Quantitative subnetworks based on (legacy)-PPi data with additional microarray data. Took tissue biopsies from large patient cohort, seed the search with identified proteomics targets in large curated PPI databases and score the resulting subnetworks
Top-down proteomics approach: paired normal / tumour biopsies from 12 patients. Differential image analysis to identify significantly changing proteins, MS/MS of excised spots results in lists of significant proteins associated with the phenotype. (As few as 6 patients seem to be enough to capture the majority of proteins). Highly significant both due to stringency in image analysis and database search.
Question then is: do the targets reside in interaction networks (using MetaCore). Scored significant networks, pruned to core network members, expanded by one step for functional inference.
[Looks like a fairly standard MetaCore Meta-analysis to me. Not quite sure how they scored the subnetworks with the array data, need to check the paper.]
Automated network scoring: initial small set of target proteins got expanded drastically due to MetaCore network analysis, additional information is required. Binned expression information added to the graphs and scored using mutual information. Null hypothesis is that random network activity does not discriminate between the normal and disease state.
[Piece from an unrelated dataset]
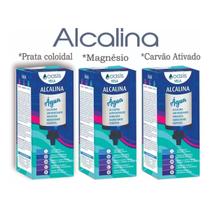 3 Velas Refil Para Filtro de Barros Água Alcalina Ionizada Com Magnésio Oasis 3 Velas Refil Para Filtro de Barros Água Alcalina Ionizada Com Magnésio Oasis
Significant signatures (four out of 13 subnetworks): none of the original large networks was significant using MI. Exhaustive search of subnetwork results in four subnetworks significant with regards to two different background models. Subnetworks seem to be making biological / clinical sense, exploring the role of some proteins with pertubation experiments in cell lines.
Adam Smith (Wisconsin) – Clustered Alignments of Gene-Expression Time Series Data
Gene expression levels over time in different ways for different treatments. Idea is to perform similarity searches (BLAST for time series profiles). Usually restricted to discrete measurements of a continues attribute, requires reconstruction or interpolation. Time warping/alignment to maximize the similarity of the compared point helps.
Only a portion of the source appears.